:: Data below
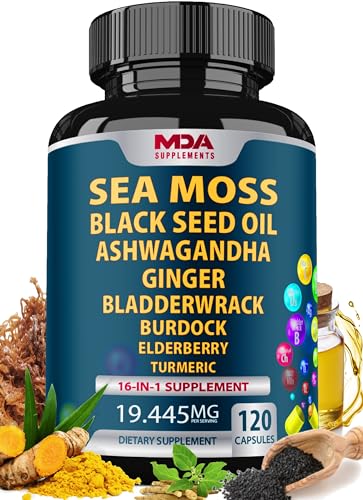 Sea Moss Black Seed Oil Ashwagandha Ginger - Multimineral Sea Moss Capsules MDA Supplements buy supplements canada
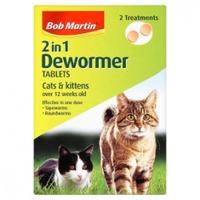 Bob Martin 2 in 1 Dewormer Tablets Cats & Kittens Over 12 Weeks Old 2 Treatments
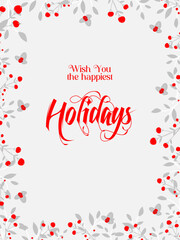 Happy Holidays 2024 card, Christmas postcard, vector with floral background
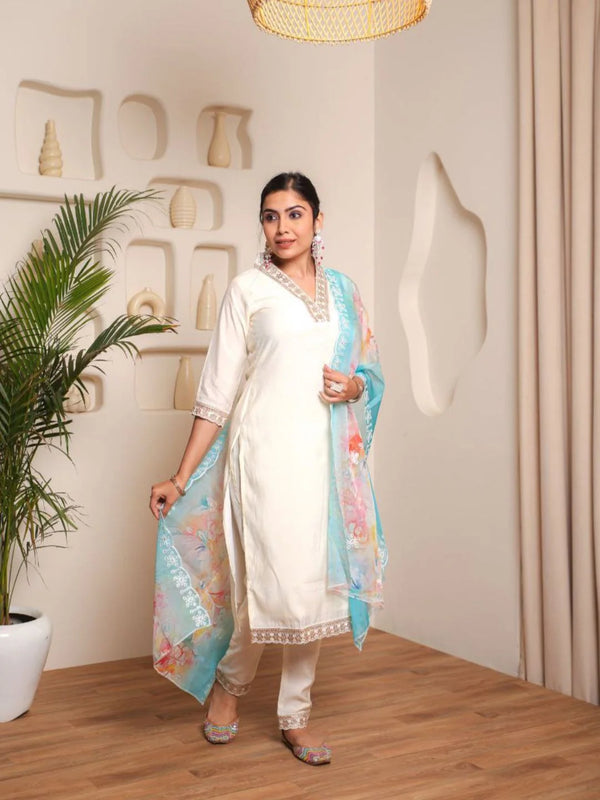 Tereza Saree Kurti Set – Chanderi Cotton Embroidered Kurta Pant with Dupatta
::::
◆ Exercise brief
Beginning with the line that holds "Bob Martin 2", extract every line to the end of the material, exactly as it stands, and drop the pictures.

◆ Result
 Bob Martin 2 in 1 Dewormer Tablets Cats & Kittens Over 12 Weeks Old 2 Treatments
 Happy Holidays 2024 card, Christmas postcard, vector with floral background
 Tereza Saree Kurti Set – Chanderi Cotton Embroidered Kurta Pant with Dupatta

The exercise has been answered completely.